On the surface, storing page IDs/titles, for every event, forever and always, feels wrong to me. I like the single isolated queries that are easily testable. That being said, as an aside, having the page IDs on hand would seemingly make all the other queries go faster, which is definitely appealing!

"Infrastructural change" may be the wrong term, but implementation would involve storing/retrieving the page IDs, rewriting all the other queries to use them (we can't JOIN on our db and the replicas, so you know), and figuring out how test it. I'm not even sure how much it will improve accuracy. It varies by project, but on English Wikipedia I suspect many articles are deleted as "no indication of importance" (super common), which qualifies for speedy deletion. The likelihood they click on "Update data", or even with our automated system (T189911), during this short time seems slim. Then you have figures like "words added during event". If we want to know these numbers on a per-page basis, we need to store them associated with each individual page. That multiplies our storage needs and would be difficult to implement.

So allow me to propose an alternative MVP. Checking the archive table to see deleted pages created by the users in the given timeframe is easy. It's true this won't work when we need to go by a category, but it should otherwise be accurate. So really I see two distinct tasks -- add survival rate (with the caveat that this doesn't work for categories) and improving accuracy/performance by storing page IDs. I think we can do these separately, and focus on pushing out the slightly less accurate MVP. It's the difference between a few 8-point tasks and a single 3-pointer.

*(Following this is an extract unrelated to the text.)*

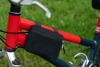 Набор велосипедиста BikeKit, малый, желтый неон, желтый, металл, сумка - полиэстер; мультитул - пластик, металл; браслет - пвх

I don't know about any enforced size limitations on Toolforge DBs, but assuming we'd only storing page IDs (no associated per-page data), I was thinking we might store a md5 hash containing all the page IDs for an event?

Thanks for the explanation. That helps a great deal.

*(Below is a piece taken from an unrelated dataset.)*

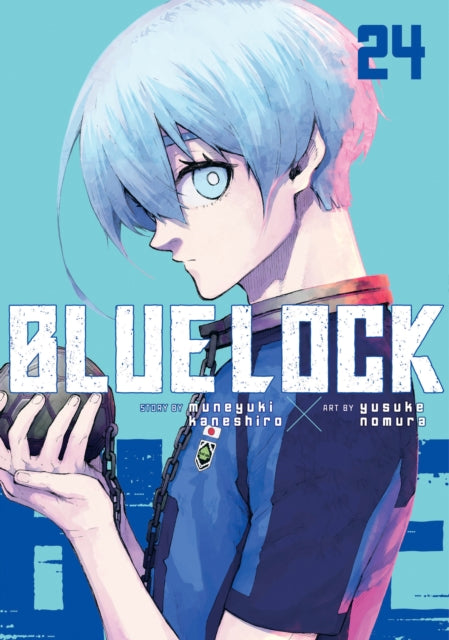 9798888770573, Blue Lock 24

I don't think I'd considered the issue of the data being in our DB and in the replicas before. I guess I knew it worked that way but I hadn't really visualized it yet. That does provide a decent-sized hurdle for a lot of these performance issues we'd consider. It seems that no matter how we make performance better, it's going to require us to store more data to achieve it.

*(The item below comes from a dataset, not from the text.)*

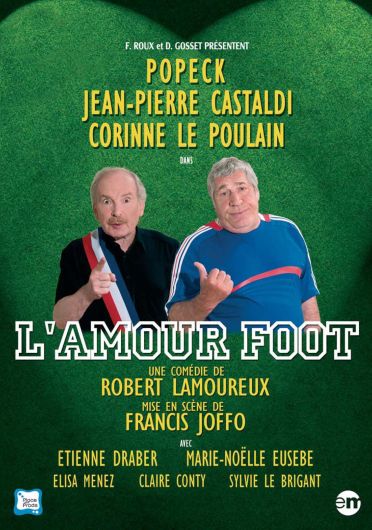 L'amour Foot [DVD] - flash vidéo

I like the idea you have for the MVP. It seems like a decent compromise so we can get this out in the world and start getting user feedback.

I have rewritten the Description of this task above to base this metric on the Archive log method we talked about. Under this scheme, it won't be available with Categories, but we don't have to do the more difficult snapshot thing. I am therefore putting it in for estimation.

@MusikAnimal @Mooeypoo, please read through the Description. Does it agree with your understanding of what we decided? If not— if you have, in fact, decided to do the superior but more difficult snapshot method—please take this out of estimation and let's talk.

jmatazzoni renamed this task from Put 'New page survival rate' into 'Event Summary' and 'Pages Created' reports to Create a method for 'New page survival rate' and 'Still exists' metrics.Nov 29 2018, 10:02 PM

@jmatazzoni Is this an epic? It's in the epics column.

@jmatazzoni Is this an epic? It's in the epics column.

No, this should be in backlog. Thanks.